The symptoms of culture shock are not that dissimilar to the normal shock you might experience say, after a car accident.

• Headache

• Upset stomach

• Irritability

• Homesickness

• Helplessness

• Depression, difficulty concentrating

• Insomnia

Having lived in Sydney, Hong Kong, San Francisco and New York, as well as places in the UK including London, I can say that I have experienced some of the above symptoms but luckily not all at once! The worst was when I went travelling at the age of 22 and arrived in Thailand. The travelling was everything I expected, but I wasn’t. I was literally freaking out!

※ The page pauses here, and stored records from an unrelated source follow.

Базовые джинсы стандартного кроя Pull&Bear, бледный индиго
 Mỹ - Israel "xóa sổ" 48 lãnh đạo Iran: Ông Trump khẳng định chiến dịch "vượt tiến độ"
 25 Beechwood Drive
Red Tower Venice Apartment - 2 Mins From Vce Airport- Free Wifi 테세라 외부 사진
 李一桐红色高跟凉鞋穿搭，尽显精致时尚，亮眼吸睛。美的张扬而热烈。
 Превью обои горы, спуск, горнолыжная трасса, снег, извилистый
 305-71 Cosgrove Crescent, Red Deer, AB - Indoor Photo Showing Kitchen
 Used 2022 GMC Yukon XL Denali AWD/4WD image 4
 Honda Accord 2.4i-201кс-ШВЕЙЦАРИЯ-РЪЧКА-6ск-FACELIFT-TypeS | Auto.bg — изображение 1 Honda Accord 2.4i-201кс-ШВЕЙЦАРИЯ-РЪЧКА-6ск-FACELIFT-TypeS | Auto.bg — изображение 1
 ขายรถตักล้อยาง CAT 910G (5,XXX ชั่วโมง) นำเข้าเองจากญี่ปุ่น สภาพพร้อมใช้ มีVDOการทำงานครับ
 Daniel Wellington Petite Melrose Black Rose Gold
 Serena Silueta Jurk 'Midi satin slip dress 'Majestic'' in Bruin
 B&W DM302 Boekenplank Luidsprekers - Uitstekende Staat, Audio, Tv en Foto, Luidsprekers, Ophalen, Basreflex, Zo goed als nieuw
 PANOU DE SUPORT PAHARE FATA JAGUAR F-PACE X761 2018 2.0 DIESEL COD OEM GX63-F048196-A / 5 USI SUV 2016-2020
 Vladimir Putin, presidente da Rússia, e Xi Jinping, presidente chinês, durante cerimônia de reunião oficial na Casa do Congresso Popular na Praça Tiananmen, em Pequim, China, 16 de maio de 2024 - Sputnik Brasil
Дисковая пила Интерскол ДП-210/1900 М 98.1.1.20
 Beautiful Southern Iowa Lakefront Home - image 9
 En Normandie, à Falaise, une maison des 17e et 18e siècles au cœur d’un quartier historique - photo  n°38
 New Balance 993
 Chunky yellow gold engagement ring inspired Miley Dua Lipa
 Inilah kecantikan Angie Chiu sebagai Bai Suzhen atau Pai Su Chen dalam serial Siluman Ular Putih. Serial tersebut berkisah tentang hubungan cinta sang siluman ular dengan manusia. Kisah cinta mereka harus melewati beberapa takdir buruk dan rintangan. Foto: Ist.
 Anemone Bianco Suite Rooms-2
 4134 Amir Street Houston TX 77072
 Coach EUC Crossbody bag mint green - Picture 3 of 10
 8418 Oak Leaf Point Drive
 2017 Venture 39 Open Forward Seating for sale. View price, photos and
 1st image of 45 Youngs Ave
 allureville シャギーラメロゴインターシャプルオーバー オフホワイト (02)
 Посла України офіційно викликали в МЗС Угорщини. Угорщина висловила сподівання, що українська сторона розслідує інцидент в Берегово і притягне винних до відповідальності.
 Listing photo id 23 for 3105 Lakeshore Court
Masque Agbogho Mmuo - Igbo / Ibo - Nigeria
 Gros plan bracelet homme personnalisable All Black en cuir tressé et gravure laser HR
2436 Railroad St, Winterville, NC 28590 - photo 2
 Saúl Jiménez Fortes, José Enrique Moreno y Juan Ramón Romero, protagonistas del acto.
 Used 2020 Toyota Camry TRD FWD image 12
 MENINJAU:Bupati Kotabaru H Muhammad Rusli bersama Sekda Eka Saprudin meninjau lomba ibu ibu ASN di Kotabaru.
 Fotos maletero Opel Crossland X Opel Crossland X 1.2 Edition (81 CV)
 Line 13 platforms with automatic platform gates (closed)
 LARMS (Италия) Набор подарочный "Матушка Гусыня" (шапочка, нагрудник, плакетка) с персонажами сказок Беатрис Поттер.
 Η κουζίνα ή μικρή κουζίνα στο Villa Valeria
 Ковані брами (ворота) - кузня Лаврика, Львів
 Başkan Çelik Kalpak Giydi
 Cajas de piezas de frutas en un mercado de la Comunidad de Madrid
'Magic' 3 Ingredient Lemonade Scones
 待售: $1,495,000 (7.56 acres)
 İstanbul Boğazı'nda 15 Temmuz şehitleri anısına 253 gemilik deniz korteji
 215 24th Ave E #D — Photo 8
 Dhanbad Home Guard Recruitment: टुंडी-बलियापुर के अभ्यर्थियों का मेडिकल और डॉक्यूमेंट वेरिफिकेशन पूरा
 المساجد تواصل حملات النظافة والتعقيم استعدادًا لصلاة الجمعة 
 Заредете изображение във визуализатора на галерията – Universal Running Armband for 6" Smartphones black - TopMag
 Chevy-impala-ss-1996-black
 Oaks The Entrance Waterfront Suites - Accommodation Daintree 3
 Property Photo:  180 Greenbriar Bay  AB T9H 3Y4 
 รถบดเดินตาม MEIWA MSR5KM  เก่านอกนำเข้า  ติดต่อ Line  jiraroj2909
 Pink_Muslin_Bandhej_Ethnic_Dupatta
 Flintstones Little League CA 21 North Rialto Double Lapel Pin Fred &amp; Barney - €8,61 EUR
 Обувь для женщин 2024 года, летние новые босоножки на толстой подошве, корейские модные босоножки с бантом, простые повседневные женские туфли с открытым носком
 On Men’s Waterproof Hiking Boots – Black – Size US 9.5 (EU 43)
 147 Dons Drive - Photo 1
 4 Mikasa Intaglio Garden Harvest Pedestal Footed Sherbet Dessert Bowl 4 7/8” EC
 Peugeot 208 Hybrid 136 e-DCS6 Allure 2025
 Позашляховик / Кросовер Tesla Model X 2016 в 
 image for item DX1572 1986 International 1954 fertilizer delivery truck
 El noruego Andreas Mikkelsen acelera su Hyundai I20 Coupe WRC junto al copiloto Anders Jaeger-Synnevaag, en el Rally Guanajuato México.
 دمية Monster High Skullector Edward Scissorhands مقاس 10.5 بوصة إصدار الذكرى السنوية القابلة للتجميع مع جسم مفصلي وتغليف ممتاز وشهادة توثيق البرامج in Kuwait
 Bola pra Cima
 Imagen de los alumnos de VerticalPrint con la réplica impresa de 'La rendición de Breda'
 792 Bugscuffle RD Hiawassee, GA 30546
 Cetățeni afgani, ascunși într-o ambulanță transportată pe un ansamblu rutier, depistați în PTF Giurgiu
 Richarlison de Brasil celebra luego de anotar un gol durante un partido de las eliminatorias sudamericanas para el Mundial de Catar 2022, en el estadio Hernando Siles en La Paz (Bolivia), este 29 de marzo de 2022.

If this sounds like you, here is a list of what to expect as these’s symptoms descend then pass. And they will pass! It doesn’t mean you made the wrong decision, that you can’t cope or that there is something wrong with you.

Stage One – happiness and excitement

Stage Two – irritability and hostility

Stage Three – gradual adjustment

Stage Four – adaptation

Then comes the guilt. You made this happen no 'suck it up’ says the voice in your head. But always remember you have pushed yourself right out of your comfort zone just to keep going. It’s hard and  exhausting to make a big life change. The main point is that you did it! Many people really don’t change their lives because it’s such a scary thing to do. Be proud of yourself and take it one a day at a time.